2024:Music Audio Generation

From MIREX Wiki

Task Description

The MIREX 2024 Music Audio Generation Task challenges participants to develop models capable of generating high-quality, original music audio clips. This task aims to advance the state-of-the-art in music generation by encouraging the creation of systems that can produce coherent, aesthetically pleasing, and musically diverse outputs across various genres and styles.

Participants will be required to generate music clips based on textual prompts or other conditioning information provided in the dataset. The generated audio will be evaluated based on its musical quality, creativity, adherence to the provided prompt, and overall listenability.

Dataset

Description

For training, any non-test-set data from the open-source world can be used.

An in-house music generation dataset, MirexGen2024, will serve as this task's evaluation benchmark. This dataset is specially curated to facilitate the generation of music in response to specific prompts. It includes:

  • Audio Clips: A collection of diverse music clips across various genres, ranging from classical to electronic music, to help in training and evaluation.
  • Textual Prompts: Detailed prompts associated with each music clip, describing the desired musical characteristics such as mood, genre, instrumentation, and tempo.

Description of Audio Files

The audio files in the MirexGen2024 dataset are selected to represent a broad spectrum of musical genres and styles. Each clip is provided in a high-quality format, ensuring that the nuances of musical elements are preserved. The dataset includes clips of varying lengths, with a focus on short to medium-length excerpts (10 to 30 seconds).

Description of Text

The textual prompts provided in the dataset are carefully crafted to guide the generation process. These prompts include specific instructions regarding the desired genre, mood, instrumentation, and other musical characteristics. They are designed to challenge the generative models to produce music that is not only coherent but also closely aligned with the given descriptions.

Description of Split

The MirexGen2024 dataset is only used for testing. For training, any non-test-set data from the open-source world can be used.

Baseline

MusicGen

MusicGen, developed by Meta, is a single-stage transformer-based Language Model (LM) designed for conditional music generation. It operates over multiple streams of compressed discrete music tokens, eliminating the need for multi-stage models like hierarchical or upsampling methods. MusicGen efficiently generates high-quality mono and stereo music samples conditioned on text descriptions or melodic features, providing enhanced control over the output. Extensive evaluations, including both automatic and human studies, demonstrate that MusicGen outperforms baseline models in text-to-music generation benchmarks. Ablation studies further highlight the significance of its key components.

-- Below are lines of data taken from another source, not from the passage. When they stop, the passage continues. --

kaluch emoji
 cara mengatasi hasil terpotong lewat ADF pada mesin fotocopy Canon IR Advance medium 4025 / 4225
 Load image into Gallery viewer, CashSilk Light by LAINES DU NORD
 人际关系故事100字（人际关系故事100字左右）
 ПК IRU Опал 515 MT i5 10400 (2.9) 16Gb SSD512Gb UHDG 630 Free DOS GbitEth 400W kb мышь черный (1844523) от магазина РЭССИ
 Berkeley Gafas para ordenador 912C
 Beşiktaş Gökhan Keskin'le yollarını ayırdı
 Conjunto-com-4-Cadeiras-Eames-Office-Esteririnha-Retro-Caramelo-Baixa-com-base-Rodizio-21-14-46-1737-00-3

(MusicGen-large)[1] and (MusicGen-medium)[2] will be used as baselines.

Metrics

The evaluation of the generated music will be based on a combination of objective and subjective metrics:

  • Inception Score (IS): An objective metric that evaluates the diversity and quality of the generated music, based on a pre-trained music classification model.
  • FAD (Fréchet Audio Distance): Measures the similarity between the distribution of generated music and real music, capturing both quality and diversity.
  • CLAP-Score: A metric designed to assess how well the generated music aligns with the provided textual prompts.

Each metric will contribute to the final ranking.

Download

We do not provide the download of the dataset for now.

Rules

Participants are allowed to utilize external datasets and pre-trained models to develop their systems. However, Participants should not use any test-split data from any open-source dataset for training or validation.

Submission

Submissions will be evaluated using CodaBench for automated assessment.

Participants are required to submit the following:

  • Audio Files: A set of generated music clips corresponding to the prompts in the evaluation dataset.
  • PDF File: A detailed report describing the system architecture, training process, and any external data or models used.

Each participant or team may submit up to three versions of their system. The final ranking will be based on the metrics outlined above.